I definitely agree with what you're saying. You've really provided me with alot of advice on alot of my threads. I appreciate it!. I really want this to go right!


----------



## Tom Szabo (Feb 12, 2019)

tirediron said:


> blackphoenix said:
> 
> 
> > D7K said:
> ...



I agree with "tirediron"'s comments. I remember the first time another photographer instructed us to shoot flash during the day. I thought WHAT? It's daylight. After I turned on my flash, I saw why.

tirediron - In your comment "which includes all light sources", I wish you would have expanded the comment. So if you don't mind....
blackphoenix, try an experiment - find a location, put your camera on a tripod (keeps camera aimed the same from shot to shot) photograph the scene using different white balance presets. Then examine your results. You should notice some significant color shifts.

Next, try using a "custom white balance" setting and compare the results. You may ask why not use auto white balance? Reason: slight variations in your composition may change your auto white balance results based on predominant colors in the scene. Those subtle color shifts may create more work for you in post. When the white balance setting is consistent, then your post processing may be kept to a minimum. Good luck and keep us posted.

tirediron, your critique on my reply is welcome.


----------



## Tom Szabo (Feb 12, 2019)

blackphoenix:
Go to Youtube and search for "outdoor photo shoot". There's a ton of how to videos to watch. They should also give you some hints on the logistics of such a project, posing etc. Many are targeted for beginners. 

Also, consider scouting your location with your camera. Shoot some test shots. As a portrait photographer I hope you have 2 decent flash units to put on light stands. I believe you can slave them to your T6.

Make a small investment for a digital calibration target: Photovision14
Very handy!


----------



## tirediron (Feb 12, 2019)

Tom Szabo said:


> ....tirediron - In your comment "which includes all light sources", I wish you would have expanded the comment. So if you don't mind........

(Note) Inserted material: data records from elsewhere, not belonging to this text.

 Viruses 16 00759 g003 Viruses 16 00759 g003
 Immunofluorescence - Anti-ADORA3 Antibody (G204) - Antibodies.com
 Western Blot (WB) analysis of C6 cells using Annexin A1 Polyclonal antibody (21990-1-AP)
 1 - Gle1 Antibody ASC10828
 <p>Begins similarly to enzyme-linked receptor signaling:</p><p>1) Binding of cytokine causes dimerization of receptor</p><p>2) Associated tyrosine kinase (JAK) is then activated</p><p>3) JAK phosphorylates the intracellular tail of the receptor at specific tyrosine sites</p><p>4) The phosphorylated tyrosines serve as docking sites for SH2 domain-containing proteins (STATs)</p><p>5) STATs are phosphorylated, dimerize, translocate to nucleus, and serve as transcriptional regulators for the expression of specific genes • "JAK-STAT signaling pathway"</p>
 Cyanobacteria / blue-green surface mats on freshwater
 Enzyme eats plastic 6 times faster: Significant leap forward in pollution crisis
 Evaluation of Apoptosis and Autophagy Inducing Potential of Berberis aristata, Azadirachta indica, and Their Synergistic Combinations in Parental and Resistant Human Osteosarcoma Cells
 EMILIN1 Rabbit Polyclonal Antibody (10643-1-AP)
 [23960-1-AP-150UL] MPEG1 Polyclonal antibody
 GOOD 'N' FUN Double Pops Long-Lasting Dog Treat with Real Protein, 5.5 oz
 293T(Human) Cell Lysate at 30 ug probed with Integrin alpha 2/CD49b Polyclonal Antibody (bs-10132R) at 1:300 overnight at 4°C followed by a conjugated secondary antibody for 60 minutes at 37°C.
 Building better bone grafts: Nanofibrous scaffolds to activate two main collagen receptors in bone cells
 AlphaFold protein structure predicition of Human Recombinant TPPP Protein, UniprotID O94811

Nothing to critique Tom; good points.  Not sure in what way you mean I should have expanded on the "all light sources" comment, but I'm happy to.


----------



## blackphoenix (Feb 12, 2019)

You all make some really good points! I freehanded the shoot and was on the fence about my tripod


----------



## vintagesnaps (Feb 12, 2019)

'Existing' light... Light isn't necessarily 'natural'; you're working with whatever light is where you're taking photos. 

For future reference.... go ahead of time/early and figure out where to have people stand, which way the light will be coming from at the time of day you'll be taking photos. Notice how the area looks where you plan to set up and think about how it will look as background. Be aware of your vantage point to figure out where to stand - are there any edges of furniture or windows or trees or posts etc. that you need to keep out of the frame? Think about where to put people in relation to those and where to put yourself in relation to the subject(s). (You don't want a tree or light post to look like it's growing out of someone's head.)

You don't necessarily need a tripod; they're usually used when the photographer needs to set up for a shot to keep the camera steady longer. So they're often used for landscapes, long exposures, or large group shots.

I've mostly done small group shots out on the ice during intermission of a hockey game, with people holding giant cardboard checks, etc. quickly before the zamboni headed our way! (Seriously, the clock was running...) I've done sports and events and I'm used to working with what is there and being efficient in getting the shot(s). But in any circumstances, take a breath... you can do more in a few seconds than you might think, so take a minute to check and see how the group shot will look before you release the shutter. 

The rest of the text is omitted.